Msgr. John A. Ryan |
Of course you ask, “What the heck difference does it make?” A great deal, as we will explain.
As the passage stands, and as we said above, it obviously confuses the absolute right to be an owner, with the necessarily limited and socially determined rights of ownership. It would probably shock His Holiness to discover that the passage could have been lifted straight out of Msgr. John Augustine Ryan’s New Age socialist and modernist treatise A Living Wage (1906).
Unfortunately, although Msgr. Ryan’s theories have been accepted without question in many quarters as “authentic Catholic teaching,” they are anything but. As we have proven in the recent video series on “Socialism, Modernism, and the New Age,” Msgr. Ryan’s theories are based solidly on the modernist/socialist/New Age principle that natural rights are alienable, being vested not in the human person, but in the collective or an élite:
Natural rights are necessary means of right and reasonable living. They are essential to the welfare of a human being, a person. They exist and are sacred and inviolable because the welfare of the person exists — as a fact of the ideal order — and is a sacred and inviolable thing. (John A. Ryan, A Living Wage. New York: Grosset and Dunlap, Publishers, 1906, 48.)
Msgr. Ryan’s fundamental error in this passage is his claim that “[n]atural rights. . . . exist and are sacred and inviolable because the welfare of the person exists.”
On the contrary! Natural rights exist and are sacred and inviolable because the human person exists, not because the welfare of the human person exists. Human existence is objective fact. Human welfare is subjective opinion . . . usually determined by an élite who makes decisions for others based on expedience or even whim.
Pesch: Private property is a pillar of social order. |
There is also the critical issue that Pope Francis’s statement — as it stands (and why we think it is a human error) — directly violates the first principle of reason, the principle of identity: “That which is true is as true, and is true in the same way, as everything else that is true.”
Specifically, by claiming that the natural right to private property is “secondary,” Pope Francis necessarily implies that there are times when a natural right is not really a natural right!
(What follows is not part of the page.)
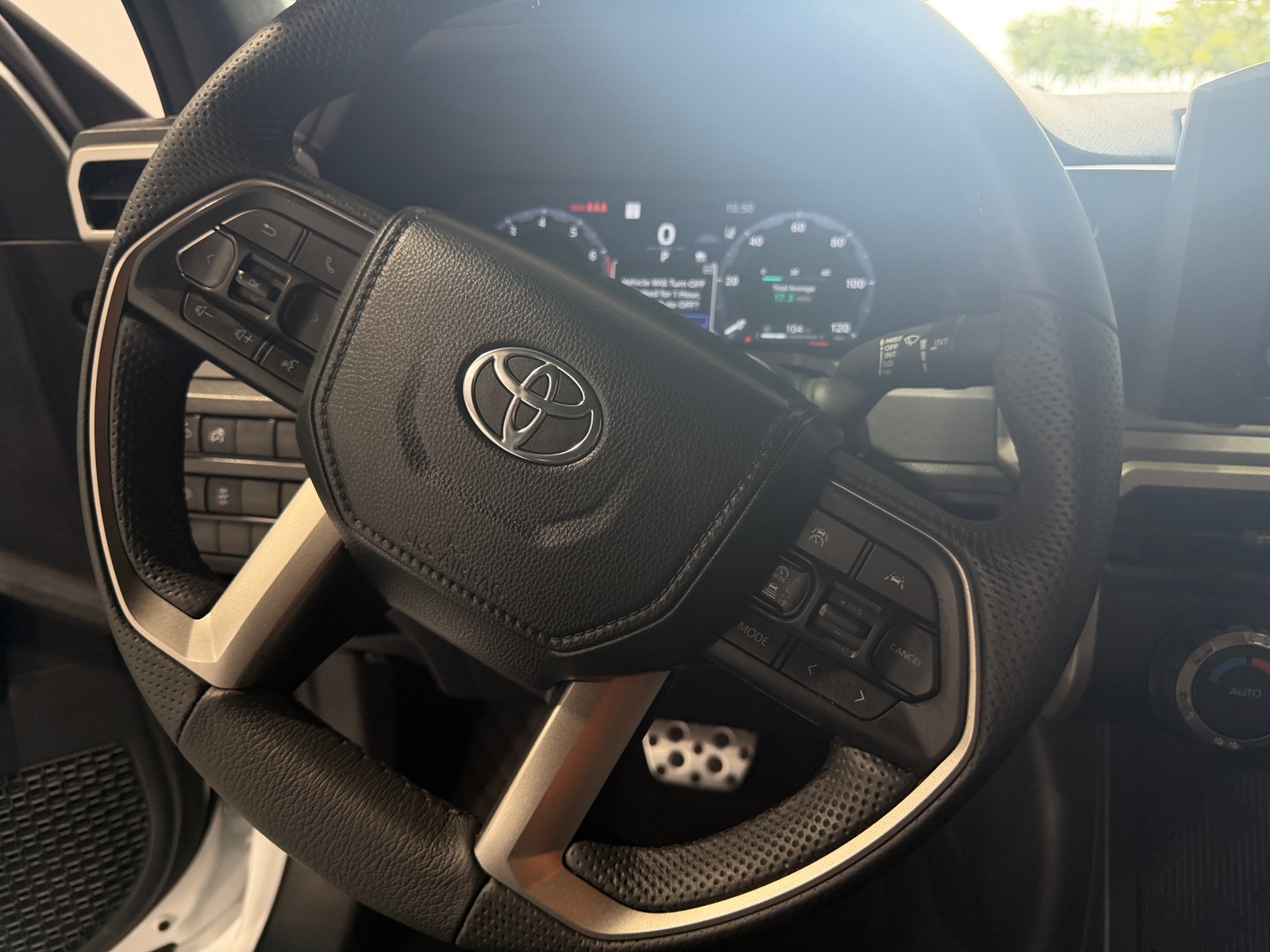 Thumbnail: 2024 Toyota Tacoma - 5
Ultimately, this means that God is not really God, or that human beings are not created in His image and likeness — take your pick.
If a natural right can at the same time not be a natural right (violating the first principle of reason stated a different way, that “nothing can both ‘be’ and ‘not be’ at the same time under the same conditions”), it means that the natural law is not based on God’s Nature self-realized in His Intellect, but on something that someone accepts as God’s Will. As the solidarist jurist and student of Fr. Heinrich Pesch, S.J., Heinrich Rommen, pointed out in his book on the natural law, going with the Will as the basis of the natural law is a complicated way of saying that “might makes right,” because whoever has the power to do so will, of course, force his or her belief on others. The end result is pure moral relativism, ultimately nihilism.
We would therefore respectfully request that Pope Francis correct this and any other errors that occur in Fratelli Tutti, and reissue the document at a later date.